Teaching Statement

I love computer science. I love the expressive elegance of computing languages, I love the many, sometimes surprising, connections to mathematics, I love the wizardry in controlling the behavior of a machine, I love that the field of computer science changes quickly and continuously, and I love that computing applications can be used to improve the world.
I love it all, and so of course, I want students to love it, too.

I have taught data structures and algorithms courses for many years. I feel very fortunate to teach this particular material—to oversee students’ intellectual growth at exactly the point they begin to broaden their view of programming into a topic for deep and analytical contemplation, as a tool for technical communication, and as an instrument for mathematical expression. My teaching, via course materials and direct instruction, is intended to illustrate clarity, challenge, and fun—the things students value as they learn.

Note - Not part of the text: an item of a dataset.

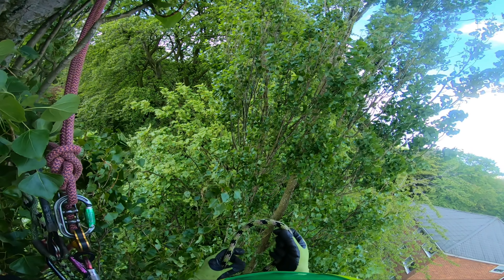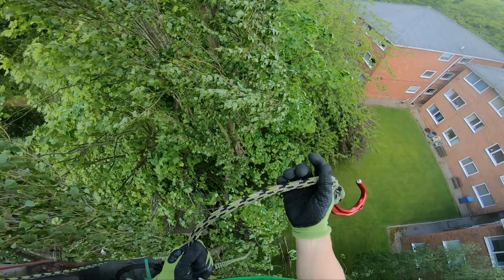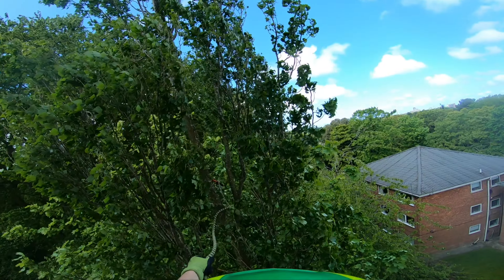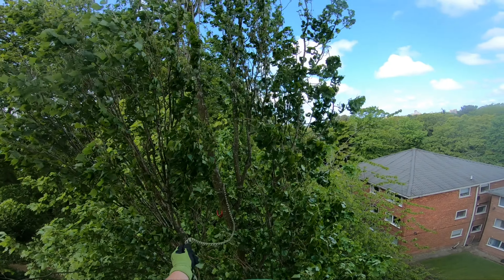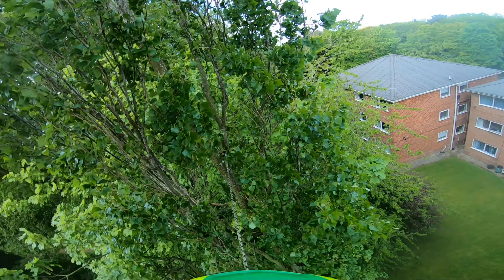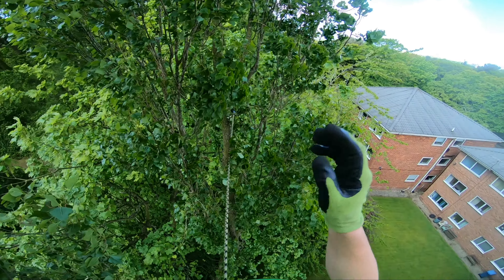I'm just going to do a double fisherman's. I'm going to put this through my loop so if I drop it — yeah, I'm on that nice side limb.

Underlying my contributions to all student interactions is an unflagging belief in constructivism—student understanding is most effectively achieved if they build it themselves (Piaget, Papert). As enrollments have grown, I have become more deliberate about the techniques I use to nurture discovery. These strategies lie at the heart of all course content design, from classroom activities, to programming assignments, to summative assessments.

  1. Contextual inference—We elicit relevant, foundational principles via Socratic dialogue, and then we pose learning goals as puzzles whose solutions depend on that context. Students employ iterative problem solving protocols (a la Polya) to support their exploration. For example, if students have already mastered the breadth first traversal of a graph, and if they have also already studied priority queues, then we can ask them to design an algorithm that finds the shortest path between pairs of vertices in a weighted graph. In solving the problem, they design Dijkstra’s Shortest Path algorithm.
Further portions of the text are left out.